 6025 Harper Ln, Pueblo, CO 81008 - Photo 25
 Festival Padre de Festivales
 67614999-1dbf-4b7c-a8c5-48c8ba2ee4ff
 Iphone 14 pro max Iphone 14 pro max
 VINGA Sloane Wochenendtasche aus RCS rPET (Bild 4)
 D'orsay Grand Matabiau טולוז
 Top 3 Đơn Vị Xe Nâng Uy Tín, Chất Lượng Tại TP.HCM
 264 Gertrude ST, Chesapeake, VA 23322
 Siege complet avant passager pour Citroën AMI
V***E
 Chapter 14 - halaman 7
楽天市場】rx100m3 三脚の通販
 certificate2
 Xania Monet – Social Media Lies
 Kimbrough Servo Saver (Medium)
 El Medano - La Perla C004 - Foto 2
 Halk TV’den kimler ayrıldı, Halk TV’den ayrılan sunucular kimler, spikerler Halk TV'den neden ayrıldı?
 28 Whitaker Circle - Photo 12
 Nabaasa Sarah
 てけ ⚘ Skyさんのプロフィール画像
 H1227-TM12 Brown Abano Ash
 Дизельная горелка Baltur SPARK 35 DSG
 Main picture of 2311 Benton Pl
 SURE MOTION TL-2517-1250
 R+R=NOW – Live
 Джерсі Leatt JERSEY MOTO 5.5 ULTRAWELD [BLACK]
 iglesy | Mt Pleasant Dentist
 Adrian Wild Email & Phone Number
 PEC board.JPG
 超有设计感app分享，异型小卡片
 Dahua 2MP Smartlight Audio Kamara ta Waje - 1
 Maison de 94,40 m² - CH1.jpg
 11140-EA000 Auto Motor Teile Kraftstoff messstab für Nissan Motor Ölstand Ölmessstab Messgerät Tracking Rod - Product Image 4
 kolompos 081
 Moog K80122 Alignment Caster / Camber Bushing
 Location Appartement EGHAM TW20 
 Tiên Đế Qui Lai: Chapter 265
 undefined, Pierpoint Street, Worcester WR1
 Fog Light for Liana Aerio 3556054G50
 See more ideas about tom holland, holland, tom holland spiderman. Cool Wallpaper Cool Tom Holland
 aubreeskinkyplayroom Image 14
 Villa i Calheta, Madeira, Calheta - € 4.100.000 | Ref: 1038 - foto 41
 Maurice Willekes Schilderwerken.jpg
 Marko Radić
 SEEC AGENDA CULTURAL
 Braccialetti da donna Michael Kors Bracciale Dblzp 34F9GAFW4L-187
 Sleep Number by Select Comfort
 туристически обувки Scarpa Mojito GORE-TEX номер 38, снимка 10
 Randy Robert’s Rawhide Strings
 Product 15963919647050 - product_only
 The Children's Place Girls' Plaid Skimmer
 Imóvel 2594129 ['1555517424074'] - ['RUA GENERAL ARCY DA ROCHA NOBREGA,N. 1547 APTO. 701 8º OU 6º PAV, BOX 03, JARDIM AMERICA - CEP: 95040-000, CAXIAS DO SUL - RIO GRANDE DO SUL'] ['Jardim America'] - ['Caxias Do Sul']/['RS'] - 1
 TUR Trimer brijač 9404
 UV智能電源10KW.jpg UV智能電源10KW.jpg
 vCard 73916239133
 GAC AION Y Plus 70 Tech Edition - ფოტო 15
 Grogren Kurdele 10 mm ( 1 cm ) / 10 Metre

-------------------------

* Task objective
Identify every line above with the string "Photo" in it. Copy those lines.

* Solution for this exercise
 6025 Harper Ln, Pueblo, CO 81008 - Photo 25
 28 Whitaker Circle - Photo 12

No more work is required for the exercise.